The required output is the exact run of lines from the one that contains "ASIENTO DELANTERO DERECHO" to the end of the data, with every picture left out.

── DATA PROVIDED

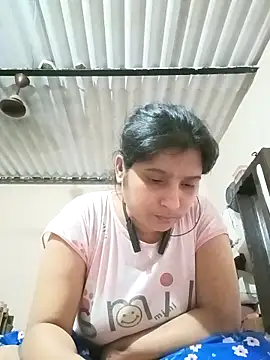 aliya-jaan71 online show from May 6, 2026, 3:05 pm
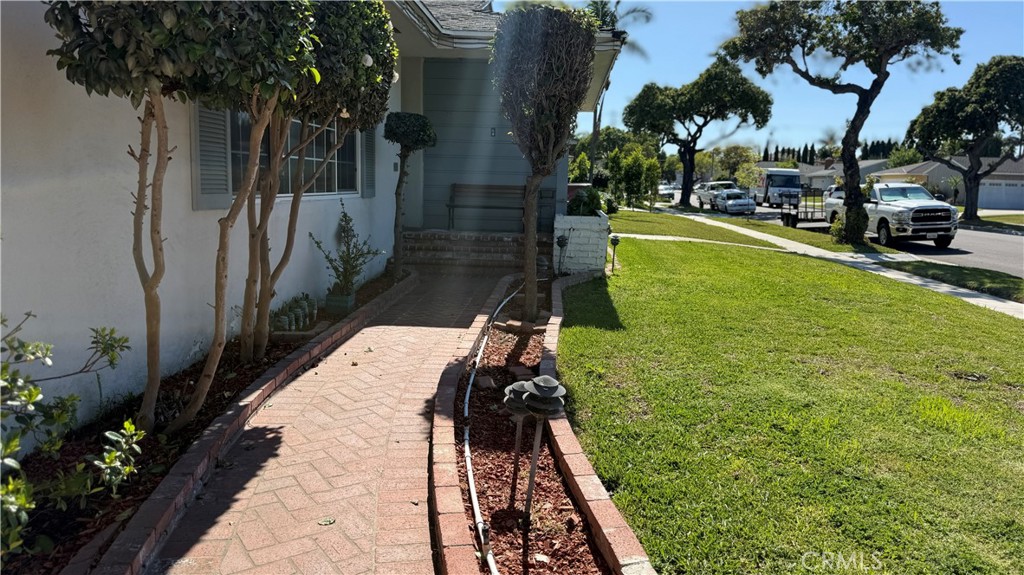 1048 East 45th Way Long Beach, CA 90807 - Photo 3 of 26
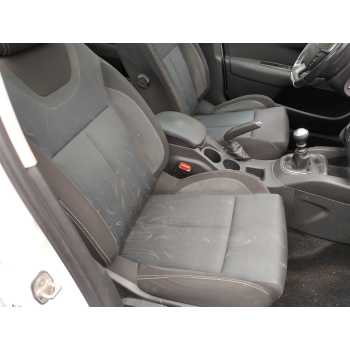 ASIENTO DELANTERO DERECHO 
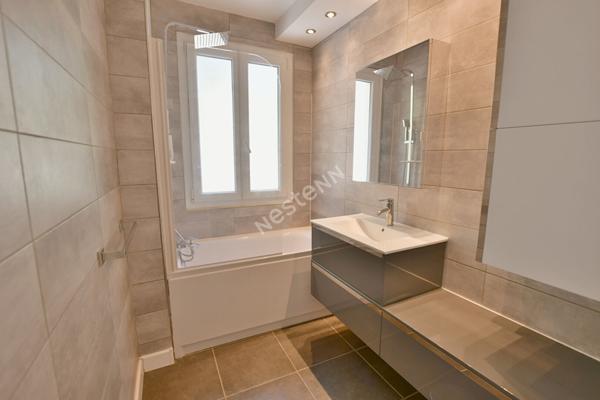 Appartement Villeurbanne MARENGO 88 m² - T4 - Balcon - garage et place de parking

────

== SOLUTION TO THE PROBLEM ==
 ASIENTO DELANTERO DERECHO 
 Appartement Villeurbanne MARENGO 88 m² - T4 - Balcon - garage et place de parking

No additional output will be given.